Earlier studies showed that Ψ catabolism related enzyme, as represented by PsuK13, plays a negative role on Ψ production, as it decreases the intracellular concentration of Ψ by direct consumption. As for nucleoside transporters (NupC, NupG, and PsuT)18,36, they effectively transport the extracellular nucleoside into the cell factory for metabolic recycle, thus leading to the reduction of Ψ titer. Accordingly, inactivating the genes associated with Ψ catabolism and nucleoside transport is a feasible strategy for potential Ψ enhancement. Nevertheless, the unexpected presence of uracil in the metabolites of strain CY5/pRL01 implicates that the metabolic flux towards Ψ formation is inadequate, mainly due to the lack of a ΨMP-specific phosphatase. Apart from this, the unbalanced expression level of Ψ biosynthesis genes in vivo would also contribute to the incomplete utilization of uracil.

Engineering the steps for ΨMP/UMP dephosphorylation and uracil-utilization leads to dramatic enhancement of Ψ titer

The ΨMP dephosphorylation constitutes the committed step in the designer artificial pathway for Ψ biosynthesis. Accordingly, identifying an appropriate and specific phosphatase for ΨMP dephosphorylation should be a viable strategy for further enhancing Ψ titer. Considering that E. coli phosphatases are more likely to recognize a variety of nucleotides, we thus conducted competition assays against UMP and ΨMP, with an aim to screen an endogenous phosphatase preferring the latter as substrate, and we found that all related phosphatases selected do not exhibit obvious specificity against ΨMP (Supplementary Fig. 36a, b), suggesting that none of them could be extended for in vivo purpose of Ψ production. As a result, we endeavored to discover a ΨMP-specific phosphatase from diverse metabolic pathways, either primary or secondary. Of all 7 phosphatases tested, the results indicated that 6 of them associated with C-nucleosides biosynthesis, including MinC, SdmB, YcjU, DickC, SapK, and PumD, are not the optimal one for Ψ synthesis due to the relatively lower activity/specificity against ΨMP (Supplementary Fig. 36c–g)37,38,39. Surprisingly, a HAD family protein HDHD1, a previously reported ΨMP phosphatase from human red blood cells40, was confirmed to possess excellent activity and specificity over ΨMP. In accordance with our expectation, further in vitro competition assays against UMP and ΨMP showed that HDHD1 has prominent specificity and activity against the latter substrate (Supplementary Fig. 36f, g, and Supplementary Fig. 37).
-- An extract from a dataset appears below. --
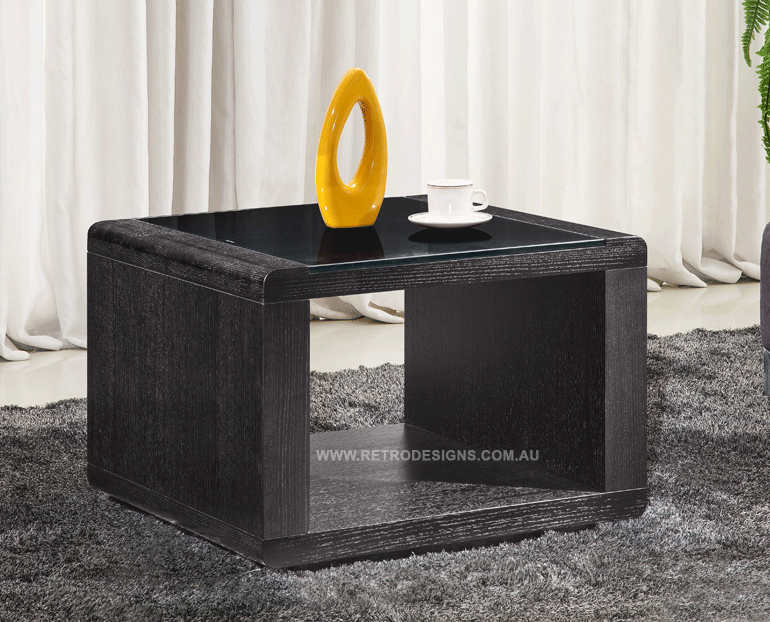 Metro Side Table With Tempered Glass Top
To test if the HDHD1 introduction is beneficial to Ψ titer improvement, it was cloned downstream of NmygdH in pRL01 driven by T7 promoter, obtaining the co-expression vector pRL02. In contrast with our expectation, both Ψ and other metabolites produced by the E. coli CY5/pRL02 exhibited an evident decrease (Fig. 4b), showing that overexpression of HDHD1 is likely to influence the production of related nucleotides required for primary metabolism. Therefore, we set out to solve the issue by integrative-expression of HDHD1 at ΔargR locus (Supplementary Fig. 38a). Subsequently, the resultant strain CY6 with pRL01 (CY6/pRL01) was fermented for metabolites analysis. As anticipated, HPLC analysis indicated that the Ψ titer has a significant enhancement, achieving 1.5 g·L−1, which is 2.1-fold higher than that of CY5/pRL01. These results demonstrate that maintaining appropriate expression level of HDHD1 is an effective strategy for the further enhancement of Ψ titer (Fig. 4b, and Supplementary Fig. 40a).
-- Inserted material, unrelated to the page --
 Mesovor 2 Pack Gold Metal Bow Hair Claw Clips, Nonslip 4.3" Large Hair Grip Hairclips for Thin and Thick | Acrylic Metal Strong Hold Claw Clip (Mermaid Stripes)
As UMP is the direct precursor for Ψ biosynthesis in our designer pathway, and in fact, it can also be efficiently recognized by endogenous phosphatases, including PhoA, YjjG, and UshA (Supplementary Fig. 36b), implicating that mutation of related genes is more likely to increase Ψ titer. For these reasons, the three genes were sequentially in-frame deleted to improve the UMP metabolic flux, and HPLC results indicated that sequential mutation of related genes renders a stepwise increase of Ψ production in related strains (CY7/pRL01, 1.8 g·L−1; CY8/pRL01, 2.1 g·L−1; CY9/pRL01, 2.4 g·L−1) (Fig. 4b, and Supplementary Fig. 38b–d, Supplementary Fig. 40a). These data establish that engineering the dephosphorylation step of ΨMP and UMP is an applicable strategy for Ψ titer enhancement.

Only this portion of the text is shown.